Injection from $\mathcal{P}(\{0,1\}^*)$ to $[0,1]$

Question

I'd like to find an injection $\mathcal{P}(\{0,1\}^*)\to[0,1]$.

By $\mathcal{P}(\{0,1\}^*)$ I mean the powerset of the set of finite sequences over the numbers $0$ and $1$ and by $[0,1]$ I mean the interval of real numbers.

In theoretical computer science $\mathcal{P}(\{0,1\}^*)$ is also known as the set of languages over the alphabet $\{0,1\}$. Proving this injection is one part of proving that $|\mathcal{P}(\{0,1\}^*)|=|[0,1]|$.

Here's what I have done so far:

I build an infinite table $[a_{ij}]_{i,j=1,\ldots,\infty}$. The column labels of the table are the elements of $\{0,1\}^*$ (words) in their canonical order and the row labels are specific subsets (languages) in $\mathcal{P}(\{0,1\}^*)$.

Note: I'm not sure if I'm allowed to use the elements of $\mathcal{P}(\{0,1\}^*)$ as row labels, since I know that they are not enumerable - I'm not sure if this is a problem or not. Assuming not, lets continue:

Now for every row $i$ (language), we let $a_{ij}=1$ if the $j$-th word $w_j\in \{0,1\}^*$ (in canonical order) is in that set (language) and $a_{ij}=0$ otherwise.

So every row is just an infinite bit-string indicating which words are in the language. And we know that for different languages the bit-string will be different. Then for every language we take that bit string $s$ (row) and map it as follows:

$s\mapsto Number(0.s)\in[0,1]$, where $0.s$ is the binary representation of a real number.

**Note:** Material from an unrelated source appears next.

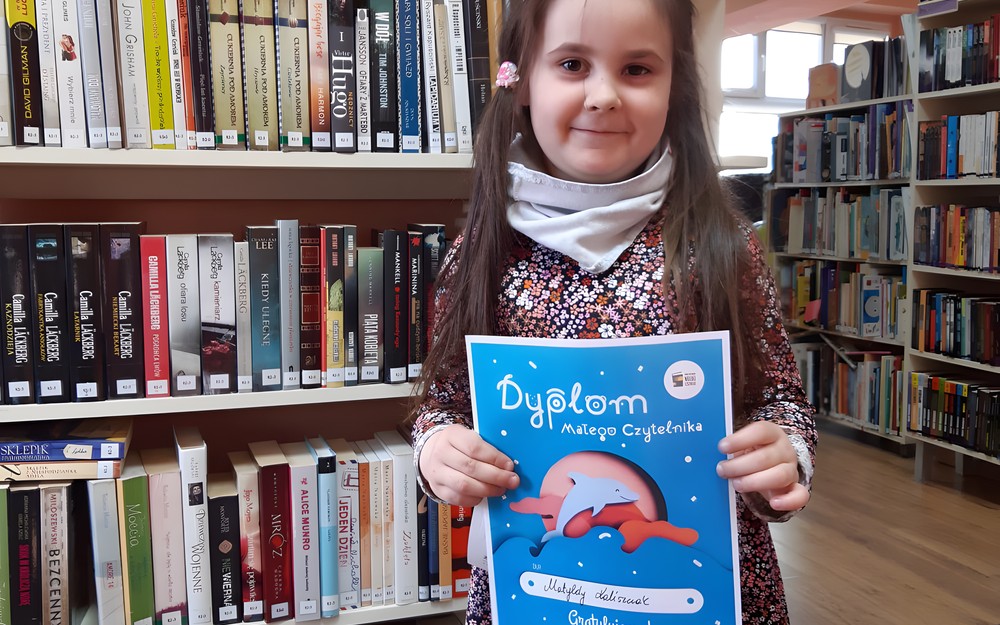 Na zdjęciu dziewczynka biorąca udział w akcji #MałaKsiążkaWielkiCzłowiek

The problem with this solution is that it's not an injection. For example the languages specified by the infinite bit-strings $1\overline{0}=10000000000\ldots$ and $0\overline{1}=011111111111111\ldots$ are clearly different, but they will map to the same real number $\frac{1}{2}$, since in binary $0.1\overline{0} = 0.0\overline{1}$.

Is there a solution to fix this? Or do you have another idea for the construction of an injection?

Answer 1

Very simply, instead of using the binary expansion, use the ternary expansion (or the decimal expansion if you want, or really anything but the binary expansion). Then $0.111... = 0.2$ is not the image of any other sequence (because you only use 0's and 1's), and the function you have built becomes an injection.

Answer 2

Hint If you want to fix your solution, you can show that the set $$\{ (x,y) \in \mathcal{P}(\{0,1\}^*) \times \mathcal{P}(\{0,1\}^*) | x \neq y, f(x) =f(x) \}$$ is countable.

To do this, show that whenever $f(x)=f(y)$ and $x \neq y$ one of $x$ or $y$ has a finite binary expansion. Show that the words of lenght $n$ are countable, thus this is a countable union of countable sets.

Then, if you denote this set as $\{ (x_n,y_n)\}$ and you have $f(x_n)=f(y_n)=z_n$ you can redefine $$ f(x_n)=z_{2n} \\ f(y_n)=z_{2n+1} $$

This function actually becomes a bijection.